[Short text fragments from websites]
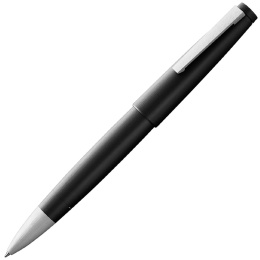 2000 Rollerball ryhmässä Kynät / Fine Writing / Rollerball-kynät @ Pen Store (101772)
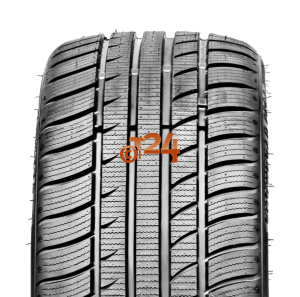Pneu 215/55 R17 98V XL Tomket Tires Snowroad Pro 3 pas cher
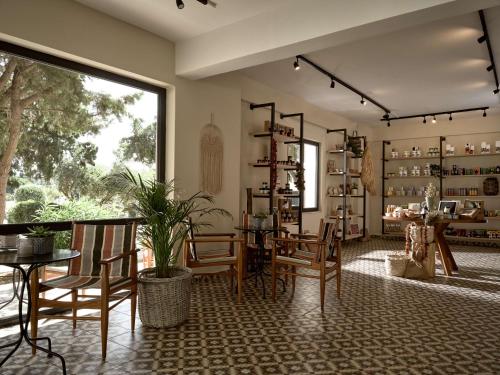 numo ierapetra beach resort crete adults only curio collection hilton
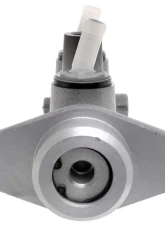 Raybestos Element3 New Master Cylinder MC390302                                     - MC390302 - Image 5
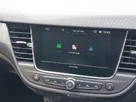 2022-vauxhall-crossland-12-elite-edition-130ps-auto-small-13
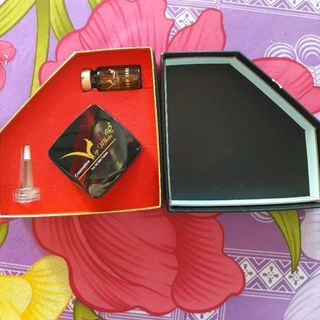 mỹ phẩm vip white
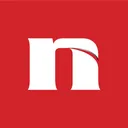 Notícias Digital app icon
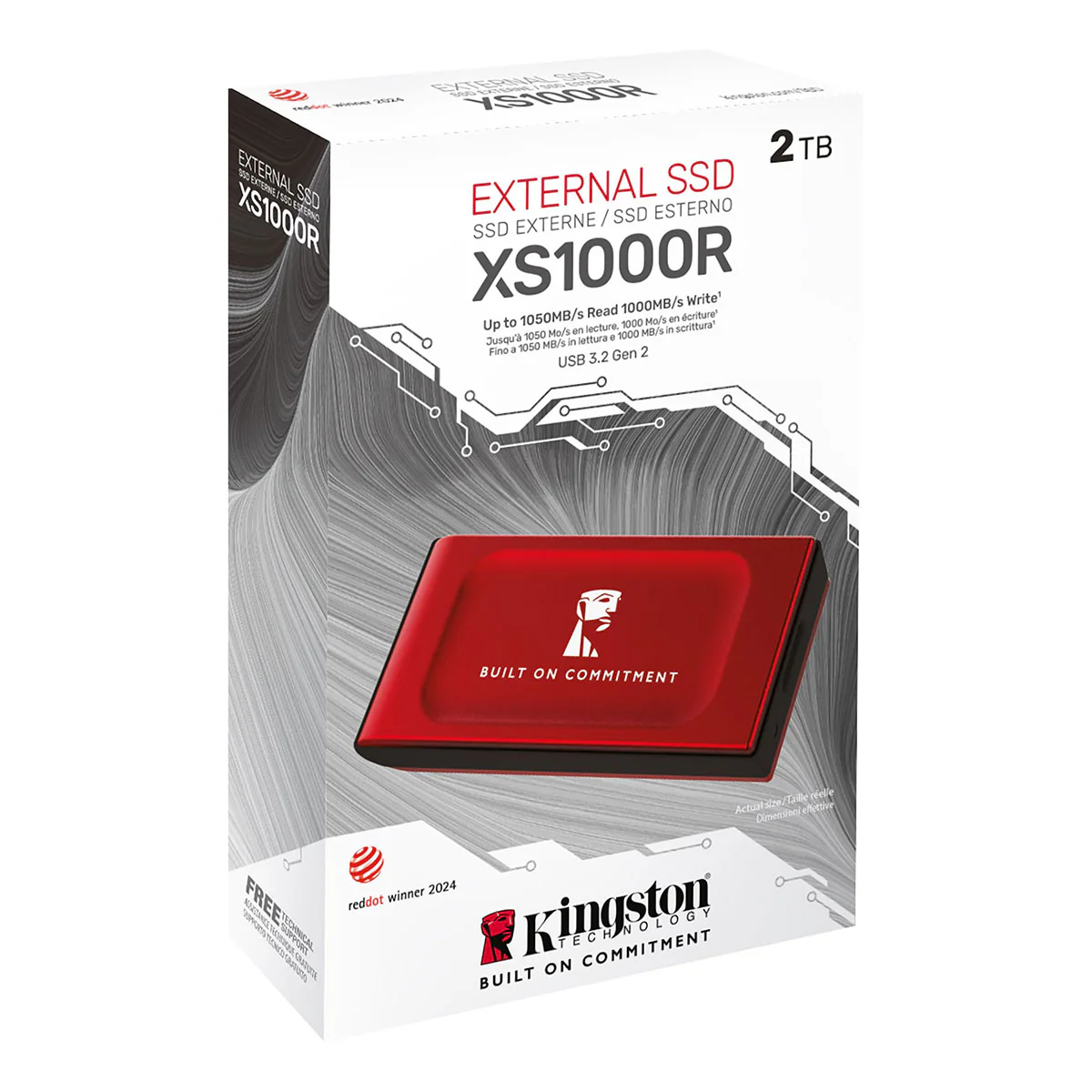 Product image 7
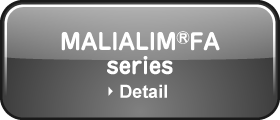 Go to MALIALIM<sup>®</sup>FA Page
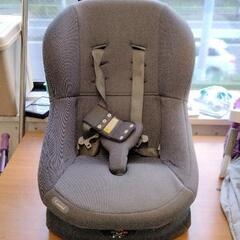 ウィンザスファースト 子供用品の中古が安い！激安で譲ります
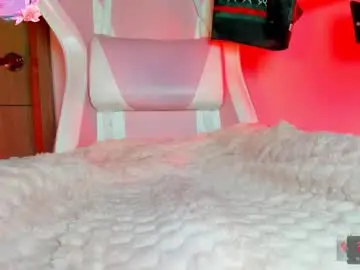 Chaturbate Live Porn of katalinaferreirax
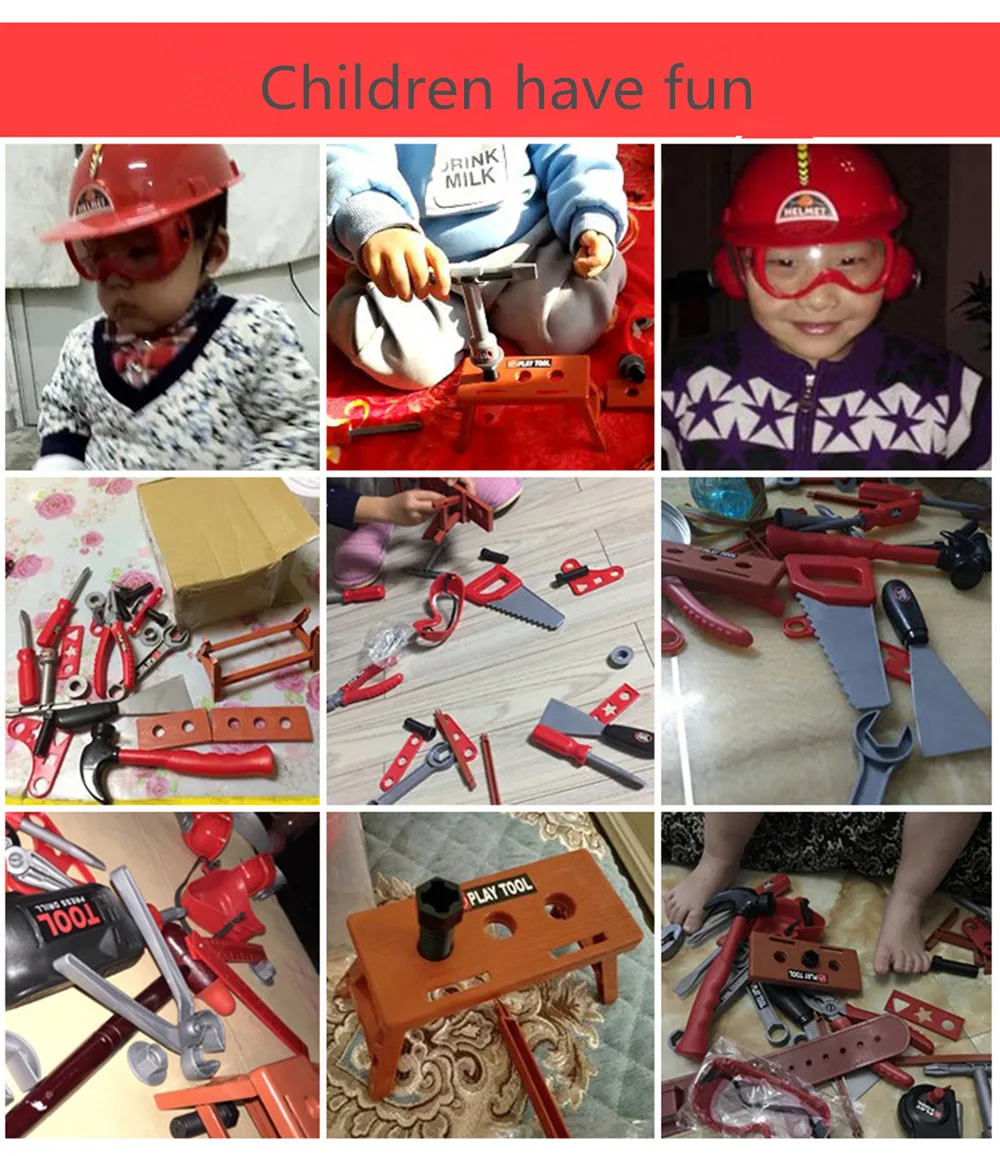 9639657344_771615019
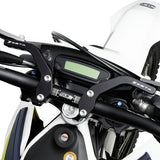 DRC/ZETA/UNIT BC ARMOR HANDGUARD MOUNT - DRIVEN Canada's Powersports 4547836361234ZE71 - 1830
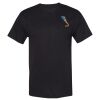 Unisex Workwear Pocket T-Shirt Thumbnail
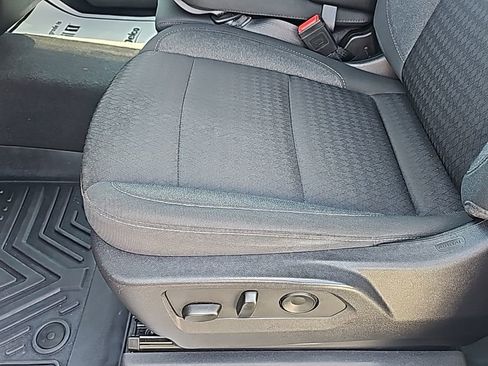 Certified 2023 GMC Sierra 1500 Elevation AWD/4WD image 17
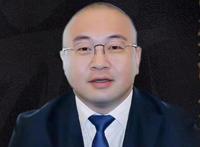 东方阿保有多少个亿 真实身份系企业家李玉保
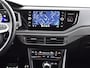 Volkswagen Polo 1.0 TSI 95pk DSG R-Line Camera · Apple/Andorid Car Play · P-Sensoren · DAB · Getint Glas · 16'' Inch · Garantie t/m 24-11-2028 of 100.000km
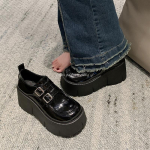 FASHION SHOES Meeste hingavad sporditossud Sportlikud jooksujalatsid naiste v&auml;litennise j&otilde;usaali treener 35 must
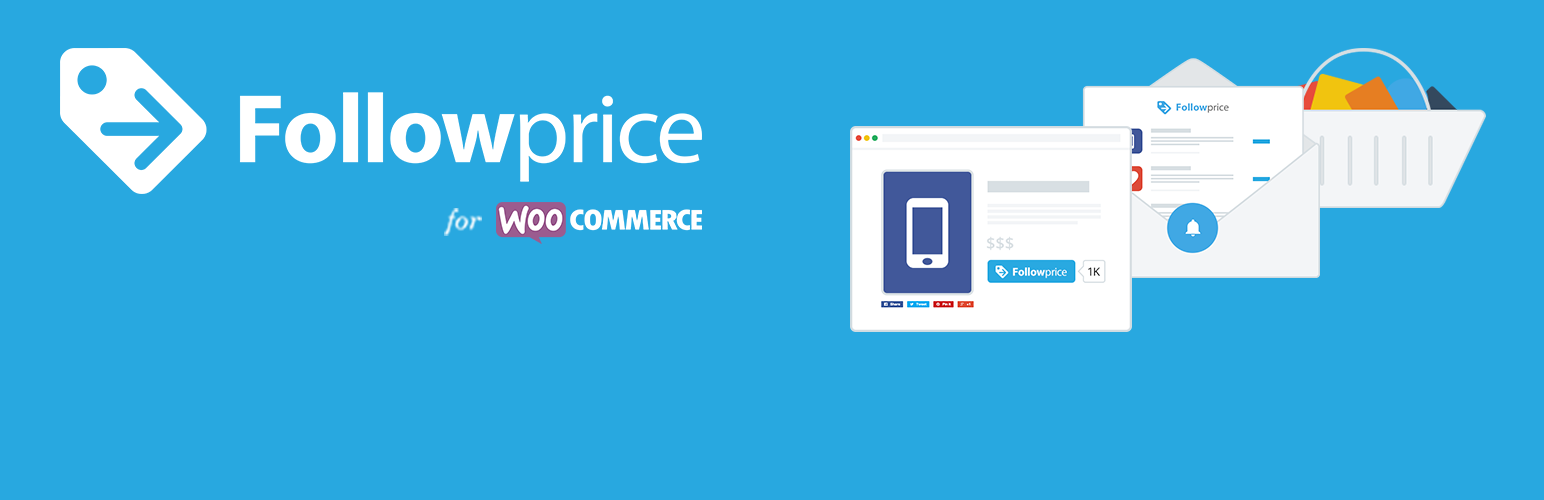 Plugin Banner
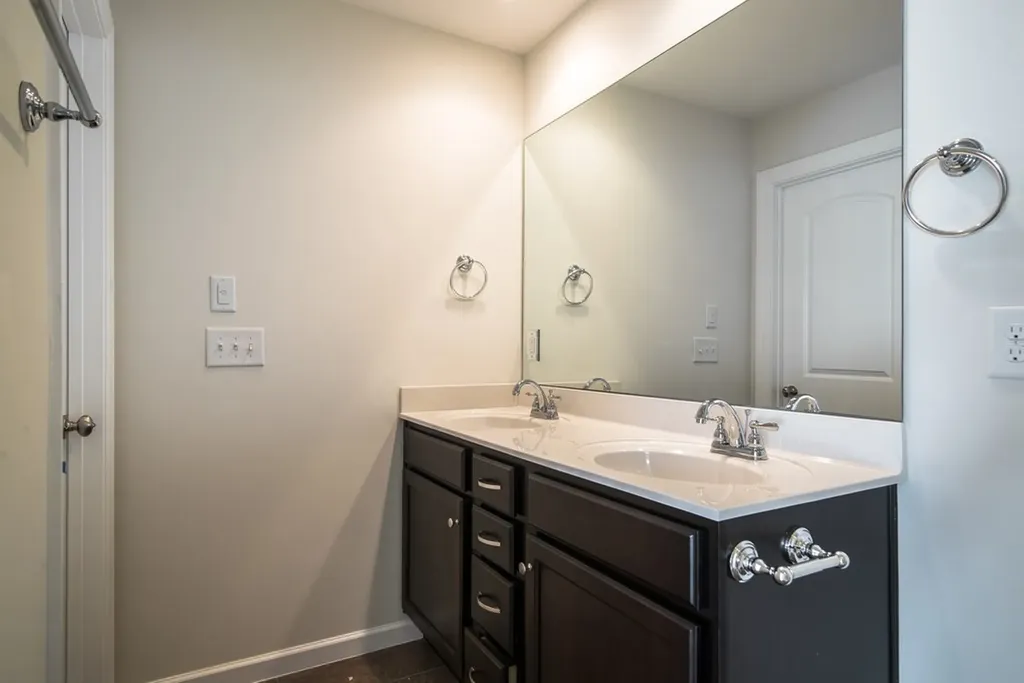 201 Madelaine Way Kingston Springs TN 37082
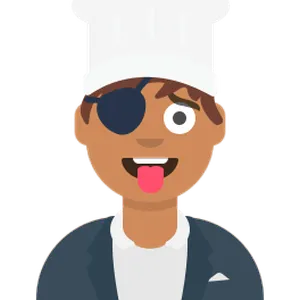 Andresmiron's profile photo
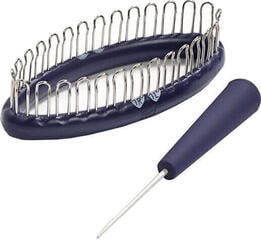 Pomůcka pro pletení PRYM Knitting Loom L Pomůcka pro pletení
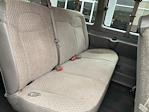 2019 Chevrolet Express 3500 RWD Passenger Van for sale #S1568 - photo 26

> [AIM OF THE TASK]
Would you please print only the lines running from the one with "Andresmiron's profile photo" to the final line of the entries above, exactly as written and without pictures?

> [SOLUTION]
 Andresmiron's profile photo
 Pomůcka pro pletení PRYM Knitting Loom L Pomůcka pro pletení
 2019 Chevrolet Express 3500 RWD Passenger Van for sale #S1568 - photo 26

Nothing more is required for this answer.